Mimir: A Near-Infrared Wide-Field Imager, Spectrometer, and Polarimeter.

D. P. Clemens, D. Sarcia, A. Grabau, E. V. Tollestrup, M. W. Buie, E. Dunham, and B. Taylor.
PASP 119 1385-1402 (2007).


ABSTRACT

Mimir, a new facility-class near-infrared instrument for the 1.8 m Perkins telescope on Anderson Mesa outside Flagstaff, Arizona, was commissioned and has been operating for three years. Mimir is multifunction, performing wide-field (F/5) and narrow-field (F/17) imaging, long-slit spectroscopy, and imaging polarimetry.

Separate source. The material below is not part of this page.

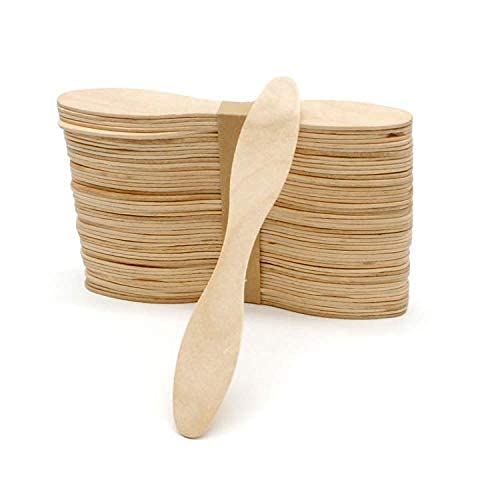 Concession Essentials 500 Count Wooden Biodegradable Tasting Spoons - 5 Inch Eco Friendly Taster Spoons - Perfect for Sampling Food  Ice Cream. - Image 1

The F/5 mode images at 0.59″ per pixel onto the 1024 × 1024 pixel ALADDIN III InSb array detector, giving a 10' × 10' field of view. In the F/17 mode, the plate scale is 0.18″ per pixel. Optically, Mimir is a refractive reimager for the F/17.5 Perkins beam. A six-lens collimator produces an achromatic 25 mm pupil, which is imaged by a five-lens camera (F/5), a four-lens camera (F/17), or a two-lens pupil viewer onto the detector. Three filter wheels precede the pupil, one follows the pupil. The wheels contain a rotating half-wave plate, broadband filters, narrowband filters, grisms, long-pass filters, a wire grid, and thermal IR blockers. The first telescope focus is within Mimir, where a slit and decker unit, consisting of two linear motion cars, selects one of 13 slit scenes. The slit and decker cars, the four filter wheels, the half-wave plate rotation, and the camera selector are all driven by stepper motors within the cold vacuum space. Cooling is provided by a CTI 1050 two-stage, closed-cycle helium refrigerator, keeping the optics, filters, and internal surfaces between 65 and 75 K and the detector at 33.5 K. Switching between Mimir’s different modes takes only a few seconds, making it a versatile tool for conducting a wide range of investigations and for quickly reacting to changing observing conditions. Mimir on the Perkins telescope achieves imaging sensitivities 2–4 mag deeper than 2MASS, moderate resolution (R ∼ 700) JHK spectra of virtually any 2MASS source, high-precision wide-field imaging polarimetry, and L' and M' band imaging and spectroscopy.